Purpose: To compare laser intra-hemorrhoidal coagulation with Milligan-Morgan (MM) hemorrhoidectomy.

Method: Patients with symptomatic grade II or III internal hemorrhoids according to the Goligher's classification (refractory to medical treatment) were enrolled in this double-blinded randomized controlled trial study. In the laser group, hemorrhoidal columns were coagulated using a 980-nanometer (nm) radial laser emitting fiber (three, 15-W pulses of 1.2 s each, with 0.6-s intervals). Operative time, postoperative pain and complications, and recovery or resolution of symptoms were measured. Patients were followed up for at least one year for evaluating healing, resolution of symptoms, and late complications.
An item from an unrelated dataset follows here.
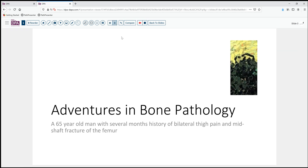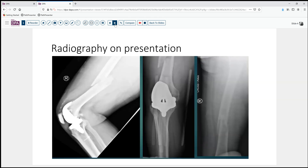Our cases come from the Stevenson Cancer Center. Our case today is that of a 65-year-old man who has noted over the past several months some bilateral thigh pain. Then one evening, not long before presentation — actually the evening of presentation — he stood to move a not very heavy box and sustained sudden sharp pain in one leg, and came to the emergency room where this radiograph was found.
Results: Postoperative pain scores (at 12, 18, and 24 hr after surgery) were significantly lower in the laser group compared with the MM group (p <.01). The operative time and intra-operative blood loss were more in the MM group (p <.001). The administration of analgesics was significantly reduced in the laser group (p <.05). Two patients in the laser group were presented with thrombosis of external hemorrhoid 7-10 days after the procedure, which was resolved with medical treatment, but no patients in the MM group developed hemorrhoidal thrombosis (p >.05). One-year follow-up showed comparable results in terms of the resolution of symptoms and sustainable cure.

Conclusions: Intra-hemorrhoidal coagulation with 980-nm diode laser reduces postoperative pain, intra-operative bleeding, and administered analgesics with a comparable resolution rate of hemorrhoid symptoms. However, for the patients who experience complications, such as hemorrhoidal thrombosis, the overall pain may be equivalent to or even worse than conventional hemorrhoidectomy.